*** Opening of Data extracts ***
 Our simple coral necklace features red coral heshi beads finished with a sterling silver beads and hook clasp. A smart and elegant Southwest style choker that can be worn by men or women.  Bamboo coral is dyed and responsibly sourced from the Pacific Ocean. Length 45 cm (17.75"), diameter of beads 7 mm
*** Close of Data extracts ***
*** Opening of Data extracts ***
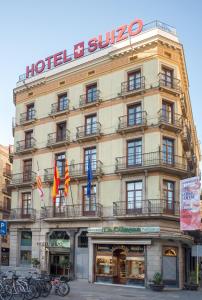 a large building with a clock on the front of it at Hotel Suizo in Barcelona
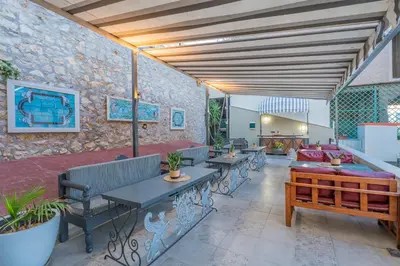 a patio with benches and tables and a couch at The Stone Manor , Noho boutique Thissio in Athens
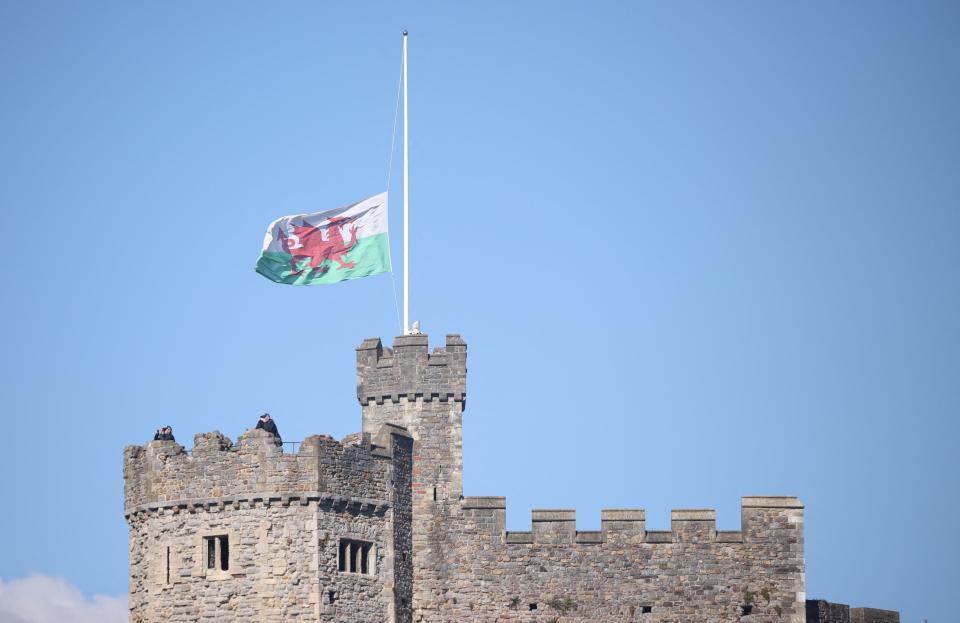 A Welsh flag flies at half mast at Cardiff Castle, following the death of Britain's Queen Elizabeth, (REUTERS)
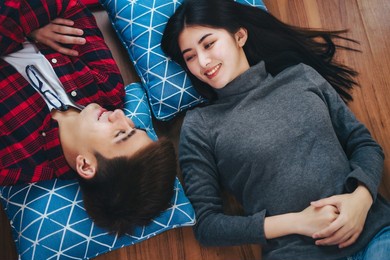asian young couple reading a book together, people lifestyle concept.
*** Close of Data extracts ***
## Exercise aim
Please return the data above exactly as it stands from the line with "A Welsh flag" to the line with "asian young couple", keeping both of those lines but none of the pictures.

## Result below
 A Welsh flag flies at half mast at Cardiff Castle, following the death of Britain's Queen Elizabeth, (REUTERS)
asian young couple reading a book together, people lifestyle concept.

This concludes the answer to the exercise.